Short web captions
- Opening Delimiter -
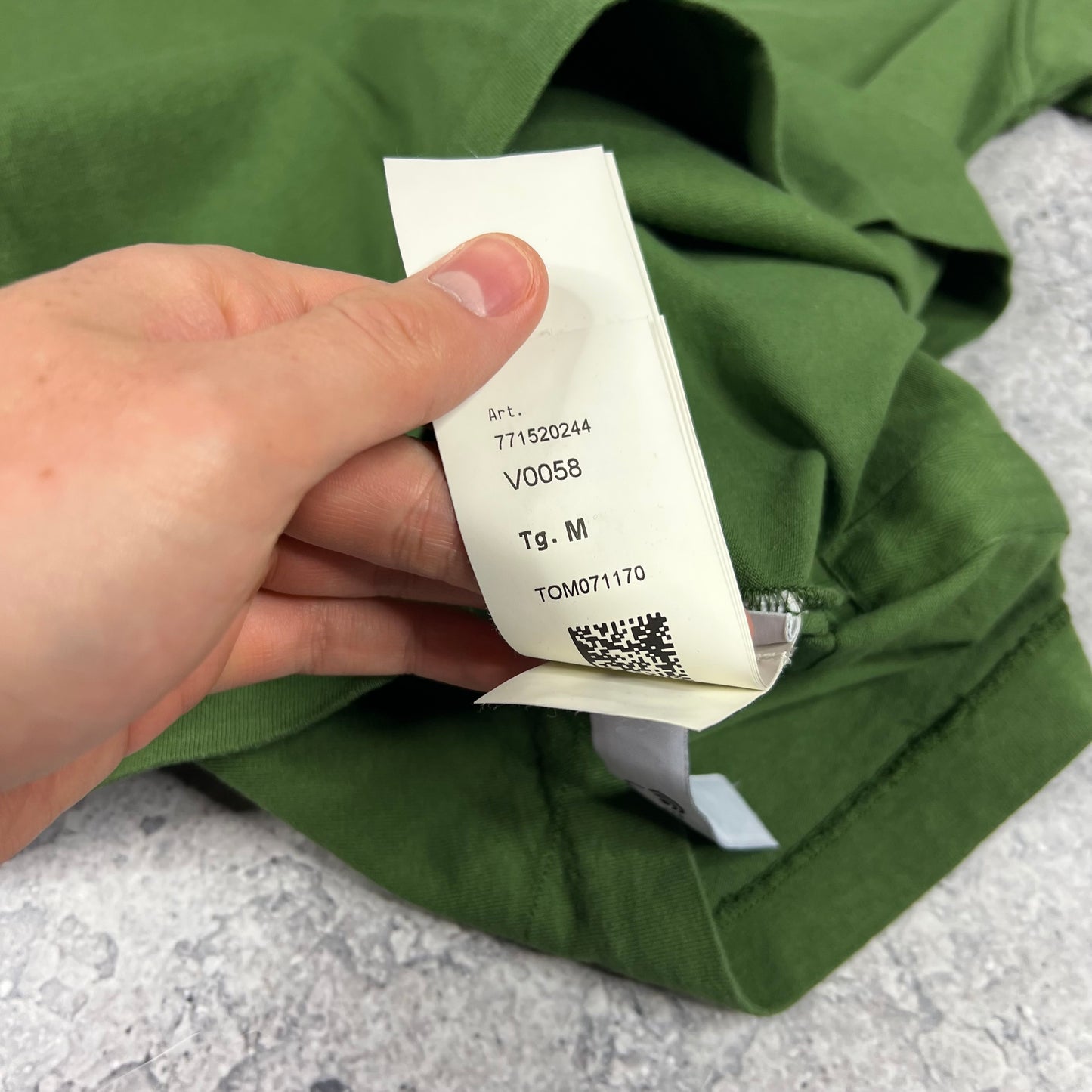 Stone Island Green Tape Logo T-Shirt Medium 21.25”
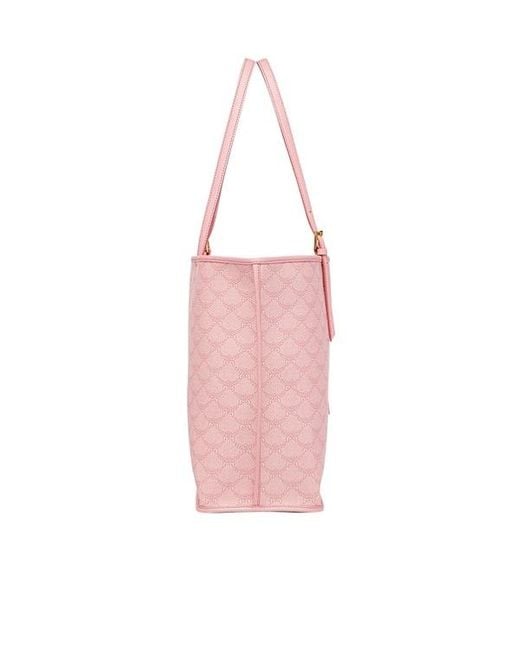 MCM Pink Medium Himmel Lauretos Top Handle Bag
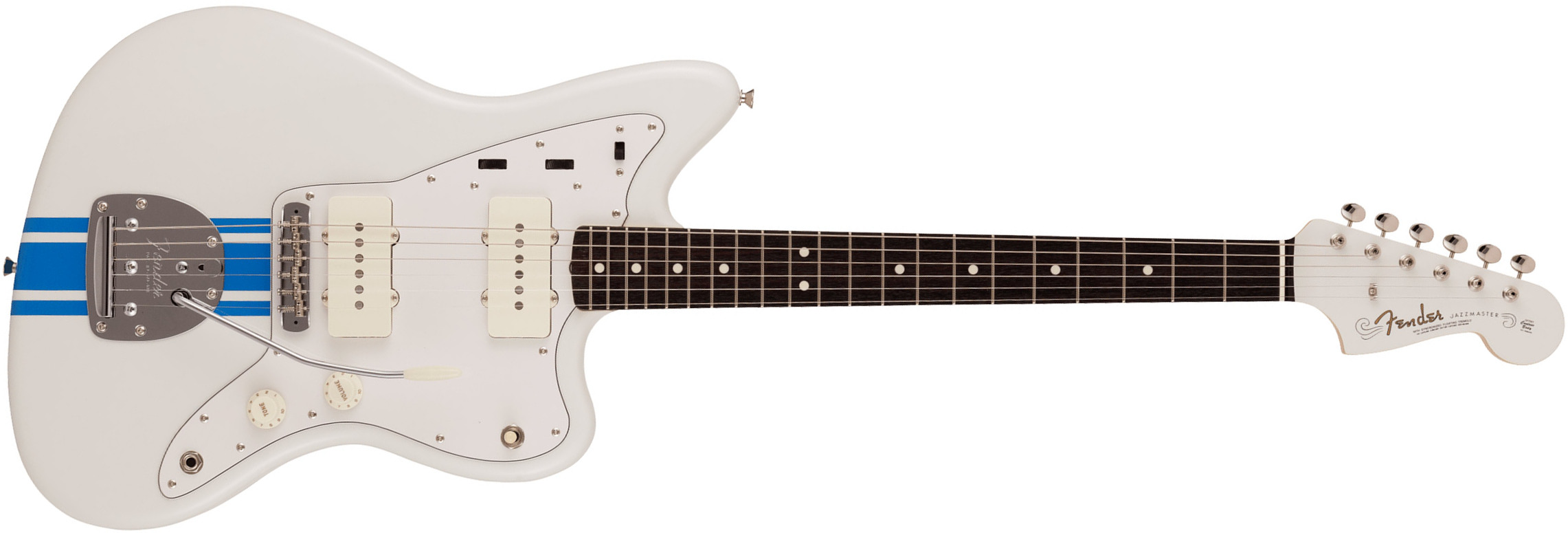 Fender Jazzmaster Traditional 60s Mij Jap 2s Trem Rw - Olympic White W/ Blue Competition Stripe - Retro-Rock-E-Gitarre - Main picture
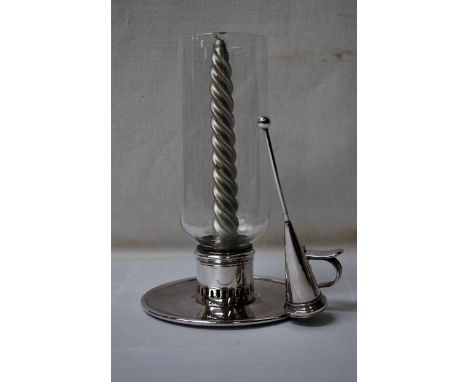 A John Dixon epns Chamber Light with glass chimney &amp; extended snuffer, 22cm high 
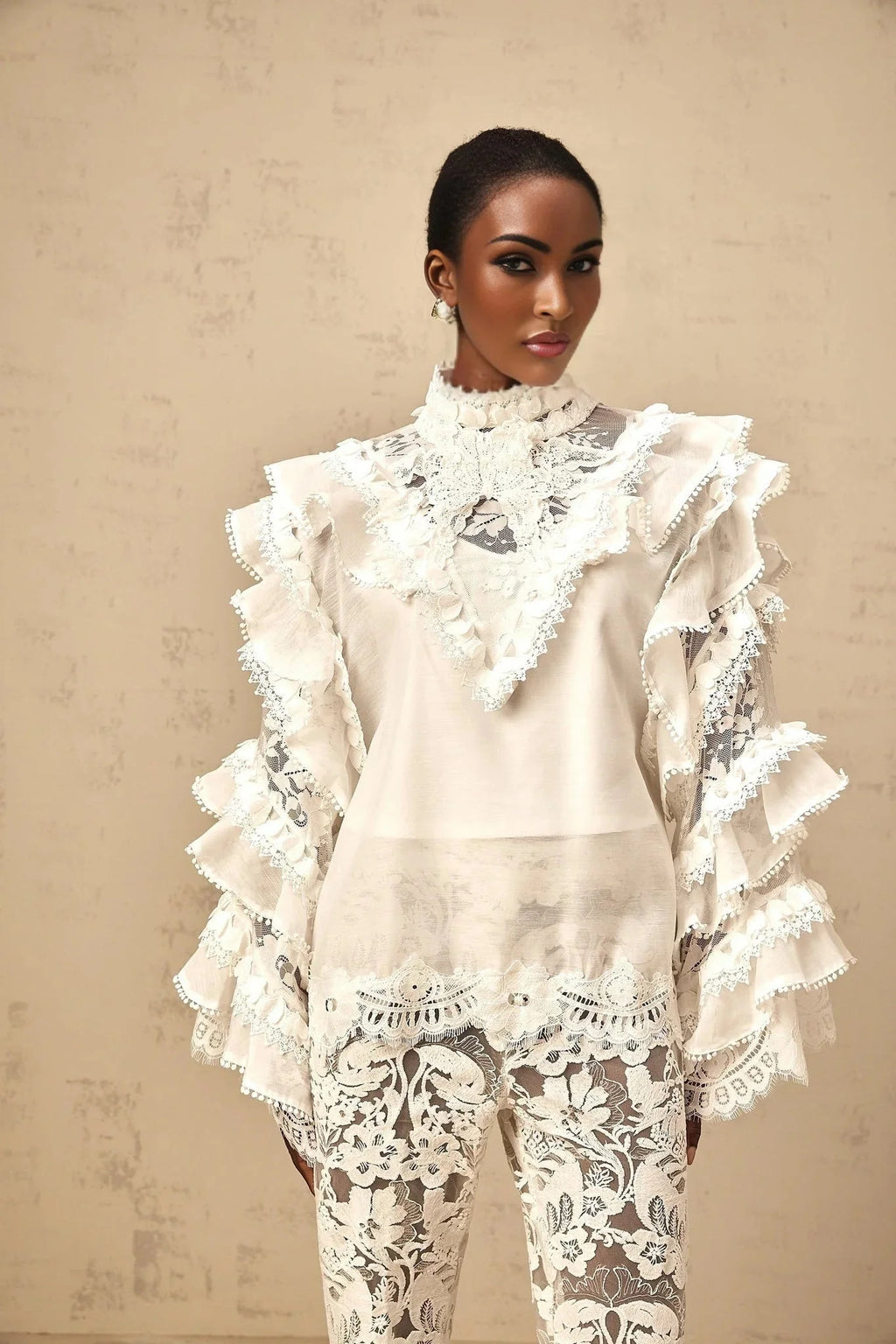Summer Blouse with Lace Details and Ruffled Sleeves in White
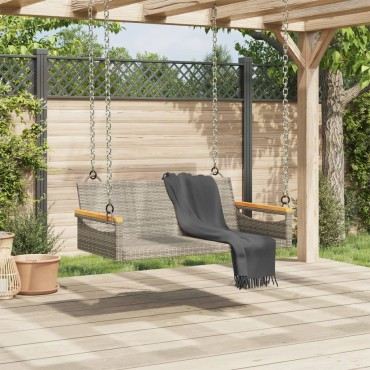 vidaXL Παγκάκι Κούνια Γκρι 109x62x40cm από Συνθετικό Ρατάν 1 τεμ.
- Closing Delimiter -
**WHAT IS REQUIRED:**
Print every record above exactly as written, leaving out the pictures.

**SOLUTION TO THIS TASK:**
 Stone Island Green Tape Logo T-Shirt Medium 21.25”
 MCM Pink Medium Himmel Lauretos Top Handle Bag
 Fender Jazzmaster Traditional 60s Mij Jap 2s Trem Rw - Olympic White W/ Blue Competition Stripe - Retro-Rock-E-Gitarre - Main picture
 A John Dixon epns Chamber Light with glass chimney &amp; extended snuffer, 22cm high 
Summer Blouse with Lace Details and Ruffled Sleeves in White
 vidaXL Παγκάκι Κούνια Γκρι 109x62x40cm από Συνθετικό Ρατάν 1 τεμ.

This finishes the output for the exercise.